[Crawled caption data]

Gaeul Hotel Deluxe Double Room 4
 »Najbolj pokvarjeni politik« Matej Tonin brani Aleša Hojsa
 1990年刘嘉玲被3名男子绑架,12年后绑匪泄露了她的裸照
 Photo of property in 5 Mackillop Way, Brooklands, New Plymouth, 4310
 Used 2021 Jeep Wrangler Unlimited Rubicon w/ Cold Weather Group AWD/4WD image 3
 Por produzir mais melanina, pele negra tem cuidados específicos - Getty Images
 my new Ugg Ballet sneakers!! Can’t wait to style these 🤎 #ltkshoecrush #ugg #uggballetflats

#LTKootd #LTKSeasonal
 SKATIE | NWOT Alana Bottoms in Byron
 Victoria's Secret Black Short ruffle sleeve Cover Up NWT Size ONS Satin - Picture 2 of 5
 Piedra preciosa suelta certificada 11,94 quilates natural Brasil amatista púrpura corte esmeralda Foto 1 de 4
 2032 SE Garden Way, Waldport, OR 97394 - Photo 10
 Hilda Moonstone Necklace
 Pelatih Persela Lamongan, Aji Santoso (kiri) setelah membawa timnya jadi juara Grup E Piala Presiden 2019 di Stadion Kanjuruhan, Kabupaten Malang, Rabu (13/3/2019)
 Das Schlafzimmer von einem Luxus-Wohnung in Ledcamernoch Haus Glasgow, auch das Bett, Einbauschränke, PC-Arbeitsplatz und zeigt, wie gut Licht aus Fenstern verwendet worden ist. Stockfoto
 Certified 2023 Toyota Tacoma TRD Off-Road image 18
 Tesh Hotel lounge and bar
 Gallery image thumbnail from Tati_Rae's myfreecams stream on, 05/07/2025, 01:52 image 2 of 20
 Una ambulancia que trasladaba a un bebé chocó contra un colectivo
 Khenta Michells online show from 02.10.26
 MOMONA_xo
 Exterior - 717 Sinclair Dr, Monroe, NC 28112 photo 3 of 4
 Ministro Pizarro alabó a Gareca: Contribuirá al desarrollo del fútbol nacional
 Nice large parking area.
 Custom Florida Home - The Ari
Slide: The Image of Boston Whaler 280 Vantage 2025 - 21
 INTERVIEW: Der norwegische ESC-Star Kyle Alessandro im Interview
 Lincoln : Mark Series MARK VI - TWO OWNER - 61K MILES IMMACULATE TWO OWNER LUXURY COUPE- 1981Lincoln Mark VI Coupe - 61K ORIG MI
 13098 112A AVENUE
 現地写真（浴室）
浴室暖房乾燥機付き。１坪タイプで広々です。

> TASK TO COMPLETE
Down to the last character, restate every record.

> RESPONSE TO THIS EXERCISE
Gaeul Hotel Deluxe Double Room 4
 »Najbolj pokvarjeni politik« Matej Tonin brani Aleša Hojsa
 1990年刘嘉玲被3名男子绑架,12年后绑匪泄露了她的裸照
 Photo of property in 5 Mackillop Way, Brooklands, New Plymouth, 4310
 Used 2021 Jeep Wrangler Unlimited Rubicon w/ Cold Weather Group AWD/4WD image 3
 Por produzir mais melanina, pele negra tem cuidados específicos - Getty Images
 my new Ugg Ballet sneakers!! Can’t wait to style these 🤎 #ltkshoecrush #ugg #uggballetflats

#LTKootd #LTKSeasonal
 SKATIE | NWOT Alana Bottoms in Byron
 Victoria's Secret Black Short ruffle sleeve Cover Up NWT Size ONS Satin - Picture 2 of 5
 Piedra preciosa suelta certificada 11,94 quilates natural Brasil amatista púrpura corte esmeralda Foto 1 de 4
 2032 SE Garden Way, Waldport, OR 97394 - Photo 10
 Hilda Moonstone Necklace
 Pelatih Persela Lamongan, Aji Santoso (kiri) setelah membawa timnya jadi juara Grup E Piala Presiden 2019 di Stadion Kanjuruhan, Kabupaten Malang, Rabu (13/3/2019)
 Das Schlafzimmer von einem Luxus-Wohnung in Ledcamernoch Haus Glasgow, auch das Bett, Einbauschränke, PC-Arbeitsplatz und zeigt, wie gut Licht aus Fenstern verwendet worden ist. Stockfoto
 Certified 2023 Toyota Tacoma TRD Off-Road image 18
 Tesh Hotel lounge and bar
 Gallery image thumbnail from Tati_Rae's myfreecams stream on, 05/07/2025, 01:52 image 2 of 20
 Una ambulancia que trasladaba a un bebé chocó contra un colectivo
 Khenta Michells online show from 02.10.26
 MOMONA_xo
 Exterior - 717 Sinclair Dr, Monroe, NC 28112 photo 3 of 4
 Ministro Pizarro alabó a Gareca: Contribuirá al desarrollo del fútbol nacional
 Nice large parking area.
 Custom Florida Home - The Ari
Slide: The Image of Boston Whaler 280 Vantage 2025 - 21
 INTERVIEW: Der norwegische ESC-Star Kyle Alessandro im Interview
 Lincoln : Mark Series MARK VI - TWO OWNER - 61K MILES IMMACULATE TWO OWNER LUXURY COUPE- 1981Lincoln Mark VI Coupe - 61K ORIG MI
 13098 112A AVENUE
 現地写真（浴室）
浴室暖房乾燥機付き。１坪タイプで広々です。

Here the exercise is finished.